By Graeme Smith
The URamine club feels it’s being screwed over — and nobody at Ryerson will say why.
“The level of bullshit we’ve gone through is unbelievable,” said Frank Aziz, URanime president. “Our experiences over the past year have been what can only be described as a year of hell.”
The club’s bookings in the Eaton Lecture Theatre in the Rogers building have been cancelled repeatedly since September, often at the last minute. It has crippled their schedule of Japanese animation (anime) film nights and forced them to turn away high-profile speakers.
Their most recent disappointment came this week, as a booking confirmed last year this Friday went missing from Facilities Rental records. The club was forced to cancel the show and tell a TV crew from SPACE: The Imagination Station not to show up.
This leave Aziz frustrated. “It’s embarrassing,” he said. “If we had broken the equipment or damaged the room in any way, I would understand. But this is ridiculous.”
Facilities Rental Coordinator Judi Irwin is responsible for bookings in the lecture theatre. She said she never heard about this Friday’s booking. “RyeSAC didn’t send me the paperwork,” she said.
But RyeSAC gave Aziz a receipt confirming the booking, Leatrice Spevack, campus groups administrator, said it’s unlikely RyeSAC screwed up. “RyeSAC would never stamp something confirmed unless it was,” she said.
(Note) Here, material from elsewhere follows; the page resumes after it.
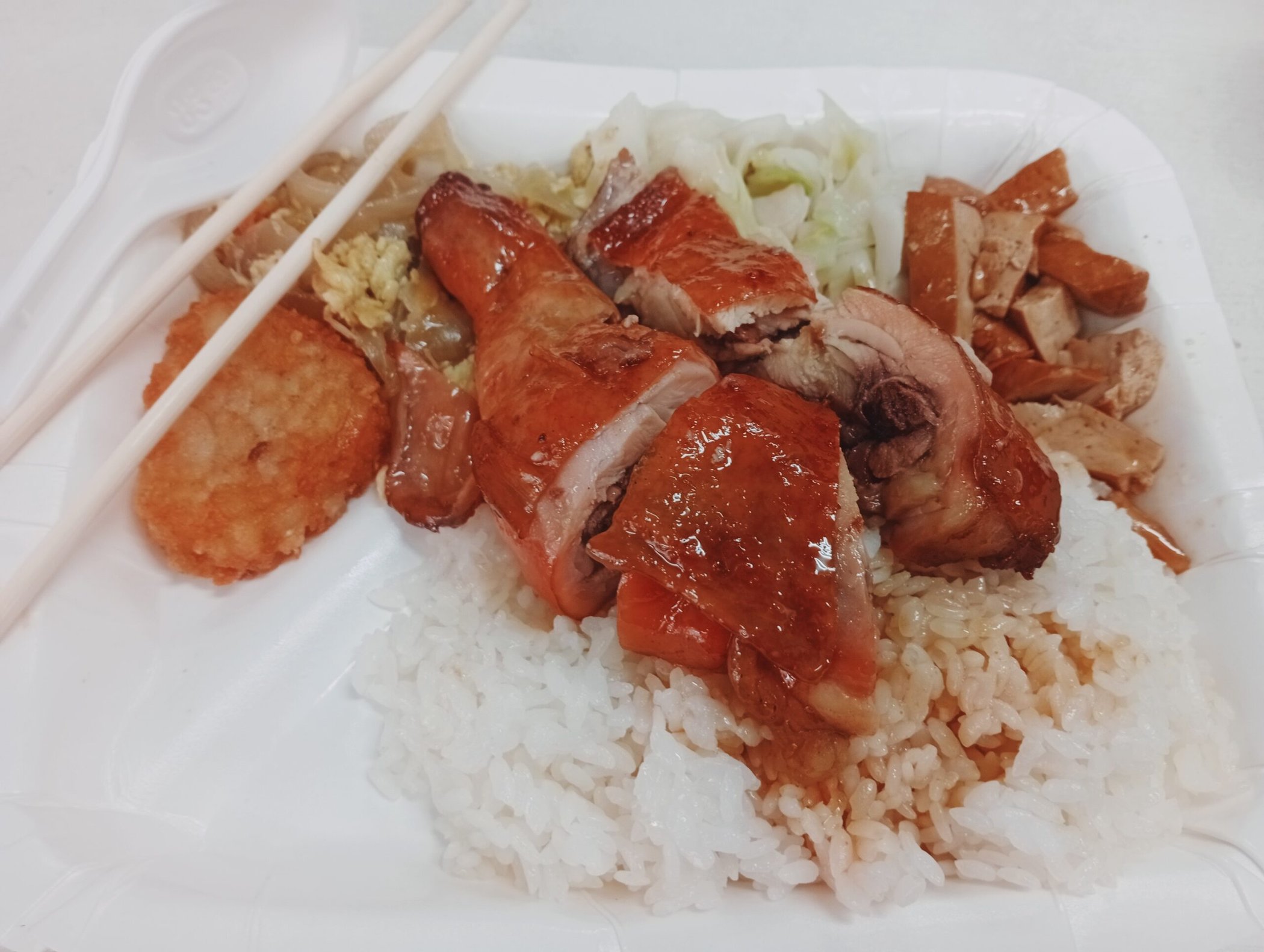 Cooked chicken with vegetables and rice for air fryer protein meal ideas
Spevack is convinced the URanime group, one of Ryerson’s most popular clubs, is “the victim of discrimination.”
But Irwin said the club is the victim of circumstances. “Our first priority is always the students, but then when a big corporation comes in, what do you do? It’s not me that makes these decisions.”
The man who decides is John Corallo, director of university business services. He said groups are bumped from rooms depending on their size. “Larger groups should get priority,” he said.
Which leaves Aziz, president of a 400-member club, exhausted by bureaucratic hypocrisy. “I find all this completely dishonest and deceitful,” he said. “I just wish we could get on with our thing.”
Ryerson’s VP administration Linda Grayson said she sympathizes with the students, but “space is at a premium,” she said. “Even I get bumped sometimes.”